虹色 TAKE OFF !! 〜エリートパイロットは幼馴染み〜
二人の翼
西に向かって
『理恵っ、聞こえてる?!』
紫月さんの声がスマホから流れてくる。
『正臣の機体にトラブルが発生したらしくて、機体が緊急降下したって……!』
え、嘘だよね。
だって今日の朝だよ、九条くんとお話したの。
今日の夕方には羽田に着く予定なんだよ。
後、数時間で……。
『理恵、しっかりなさい!!』
紫月さんの声で、ようやく私は正気に戻った。
「紫月さん、九条くんは……?!」
『私も詳しいことは分からないけど、まだ飛行は続けているわ。あなた、今どこにいるの?』
私はお台場のホテルの名前を告げた。
『ああ、よかった……!』
紫月さんはそう言って、
『今から迎えを向かわせるから、エントランス前で待っていて。羽田で会いましょう』
ホテルのエントランスに黒塗りの大型セダンが横付けしたのが10分後、私を乗せたセダンは飛ぶように首都高速を駆け抜けて、10分を切る早さで羽田空港の敷地内に入った。
車は空港ターミナル前を通り抜けて、大日本航空の整備ハンガーの前で止まった。
九条くんとフライトシミュレーターに乗った、あの中央訓練施設のすぐ隣だ。
見るとハンガーの前に、紫月さんと榊さんが迎えに来てくれていた。
「理恵、こちらに」
「紫月さん……!」
「マスコミが嗅ぎつけたわ、早く」
すでに空港ターミナルの前には、テレビ局の中継車が数台止まったいた。
もうすぐエントランス付近は、詰めかけた報道陣で身動きが取れないほどの騒ぎになるだろう。

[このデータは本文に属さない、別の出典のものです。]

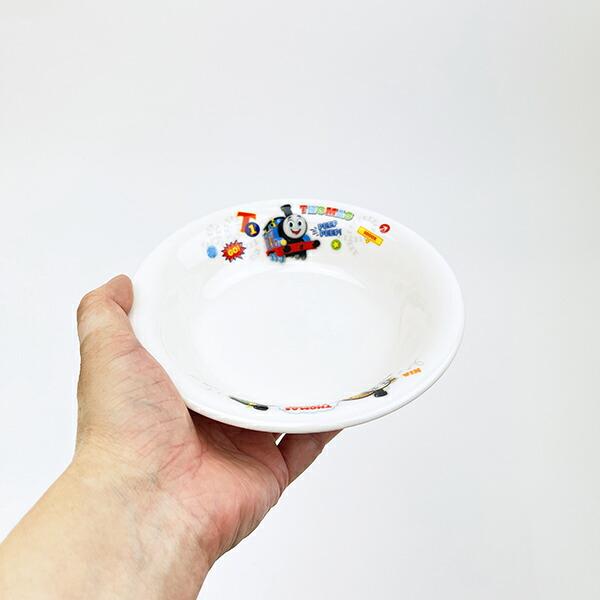 きかんしゃトーマス(GO) フルーツ皿 キッズ 食器 日本製 商品画像5：キャラグッズPERFECT WORLD TOKYO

紫月さんに手を引かれて、私は職員用通用口からターミナルの建物に入った。
榊さんは紫月さんと私を守り隠すように、ぴったりと寄り添ってくれている。
「どちらに向かうんですか」
「大日本航空の運航管理センターよ」
関係者以外立ち入り禁止と表示された区画を幾つも駆け抜けて、私たちは目指す運航管理センターの扉を開けた。